Of course, you probably don't want your product road map being retweeted by Ashton Kutcher. You don't really need 10,000 people on Facebook to "like" ideas your development team is still mulling. It's usually not smart to post photos from company parties on Flickr or MySpace. Public social networks are poor solutions for a great many things.

But if you want the benefits of social nets -- collaboration across geographies, instant feedback, and real-time communication -- without the risks associated with public exposure, a private social network may be just the ticket.

For example, AT&T uses Spigit's social media technology to create a mass virtual water cooler for the telecom giant. About 45,000 employees -- roughly one-sixth of AT&T's global workforce -- participate in The Innovation Pipeline, its online brainstorming community.
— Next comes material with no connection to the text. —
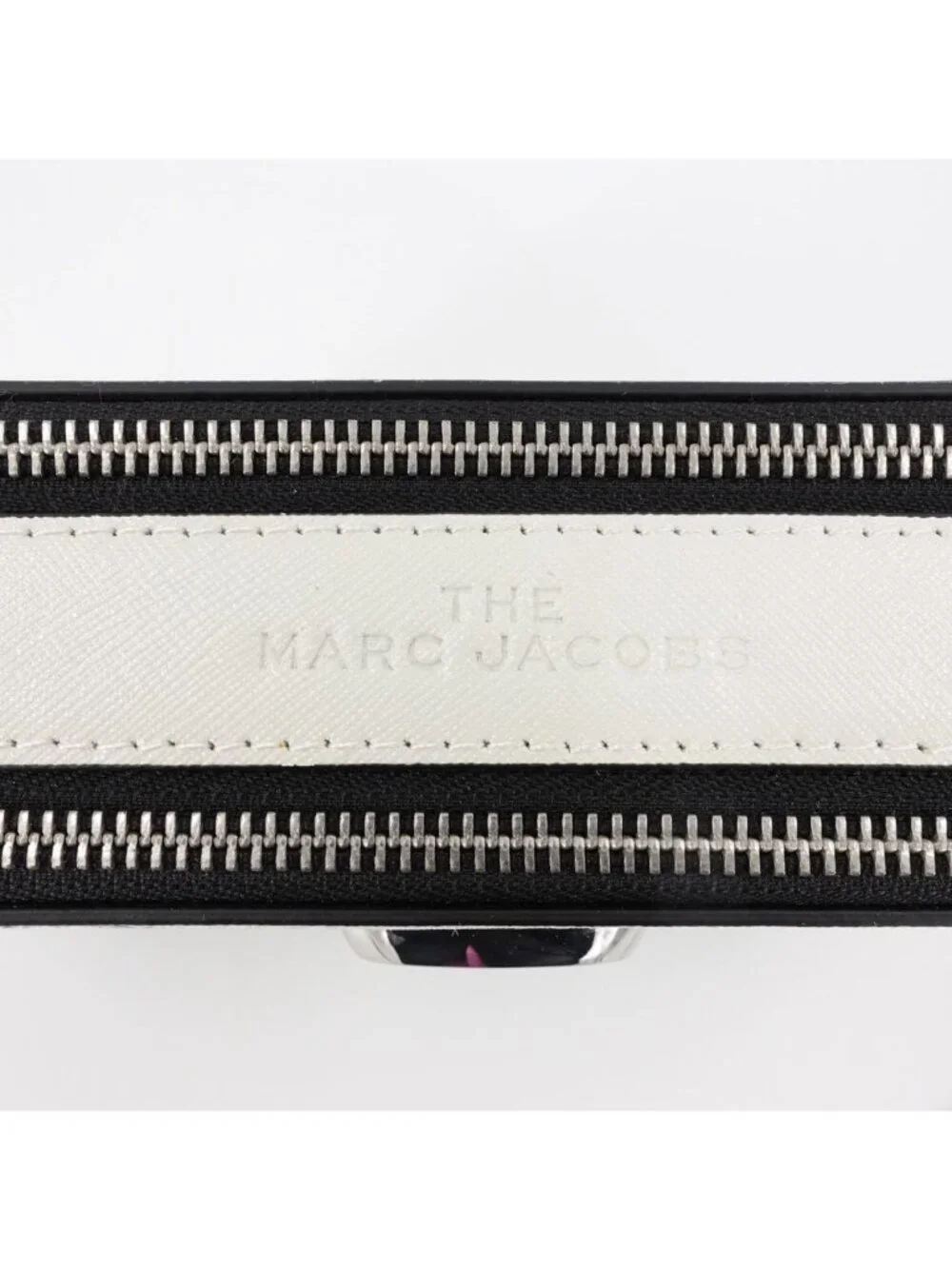 Marc Jacobs x Peanuts Snoopy The Snapshot Logo Plaque Crossbody Bag White OS - Picture 11 of 14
The company has already implemented one idea suggested by employees: creating a TV channel that shows the differences between HDTV and normal resolution, to help AT&T sell high-definition programming packages to its broadband U-Verse customers. Several more are in development, says Patrick Asher, innovation leader for the company.

If an idea is too good -- or such a no-brainer that it deserves immediate implementation -- company executives can pull it from Spigit sites before it leaks to competitors, notes Spigit CEO Paul Pluschkell.

"It's all about bringing ideas to market that much quicker," he says. "Until you execute on it, an idea is just an idea."

Gaming network IGN Entertainment uses Yammer, a hosted social networking service, to collaborate and comment on each others' ideas. It began when a single IGN engineer signed up for Yammer and now has spread virally to the entire company, says Greg Silva, vice president of HR. As the geeks critique, management can see who's contributing which ideas, and gauge how engaged they are with the company and the industry as a whole.